Features

fp8_autocast

  • fp8_autocast context manager tells TE modules to use FP8 computation internally
  • Enables specifying the details of the FP8 recipe (window range, different algorithm to calculate the scaling factors)
  • It does not change anything else in the model
    • To do mixed FP16/FP8 training, you need to combine it with native framworks’ AMP or casting of the model
  • Backward pass inherits the settings of the forward pass and should be outside of the fp8_autocast region

fp8_model_init

  • fp8_model_init context manager tells TE modules to create their weights in FP8 only, without high precision copy
    • Useful for inference
    • Enables full memory saving from FP8

Gradient accumulation fusion¶

  • only for Hopper cores, Tensor Cores on Hopper GPUs have the option to accumulate matrix products directly into FP32, resulting in better numerical accuracy and avoiding the need for a separate casting kernel.
  • Thus, Transformer Engine provides an option to directly generate FP32 gradients for weight tensors.

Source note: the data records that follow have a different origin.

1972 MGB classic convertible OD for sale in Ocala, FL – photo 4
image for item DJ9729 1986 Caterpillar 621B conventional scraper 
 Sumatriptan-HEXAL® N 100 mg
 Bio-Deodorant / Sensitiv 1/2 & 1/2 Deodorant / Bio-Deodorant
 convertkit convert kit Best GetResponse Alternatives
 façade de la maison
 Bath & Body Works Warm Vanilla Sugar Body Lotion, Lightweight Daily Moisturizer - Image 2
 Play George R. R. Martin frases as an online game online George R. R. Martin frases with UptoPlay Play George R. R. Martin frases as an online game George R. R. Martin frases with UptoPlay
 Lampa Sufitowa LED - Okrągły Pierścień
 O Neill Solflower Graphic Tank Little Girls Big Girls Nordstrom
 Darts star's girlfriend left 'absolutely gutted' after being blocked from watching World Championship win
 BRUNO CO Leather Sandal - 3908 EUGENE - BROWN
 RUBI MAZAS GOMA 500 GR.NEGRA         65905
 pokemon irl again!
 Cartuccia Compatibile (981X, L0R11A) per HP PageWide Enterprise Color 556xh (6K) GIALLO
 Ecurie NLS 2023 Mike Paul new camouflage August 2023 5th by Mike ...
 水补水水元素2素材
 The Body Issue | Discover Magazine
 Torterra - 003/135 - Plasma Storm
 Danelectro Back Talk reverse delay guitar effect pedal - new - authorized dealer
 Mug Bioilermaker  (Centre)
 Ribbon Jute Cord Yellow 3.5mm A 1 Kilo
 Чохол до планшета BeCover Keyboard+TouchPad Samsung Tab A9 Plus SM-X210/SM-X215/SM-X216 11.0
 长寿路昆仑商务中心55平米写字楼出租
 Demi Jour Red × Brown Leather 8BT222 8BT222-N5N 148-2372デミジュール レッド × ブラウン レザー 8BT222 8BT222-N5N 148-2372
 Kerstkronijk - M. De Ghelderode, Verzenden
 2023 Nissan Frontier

The FP32 gradients are not output to the parameter’s grad tensor, but rather to a main_grad tensor that must be initialized before the backward pass.

FP8 weight caching¶

  • useful if we’re doing gradient accumulation

Future

  • More granular scaling factors (tiles of tensor)
  • Possible optimized building blocks for SSMs

Linear class

  • fuse_wgrad_accumulation

    • Transformer Engine provides an option to directly generate FP32 gradients for weight tensors. The FP32 gradients are not output to the parameter’s grad tensor, but rather to a main_grad tensor that must be initialized before the backward pass.
  • FP8 execution requires 2D input matrices with height divisible by 8 and width divisible by 16. Both dimensions need to be multiple of 16, since the backward will invoke a transpose.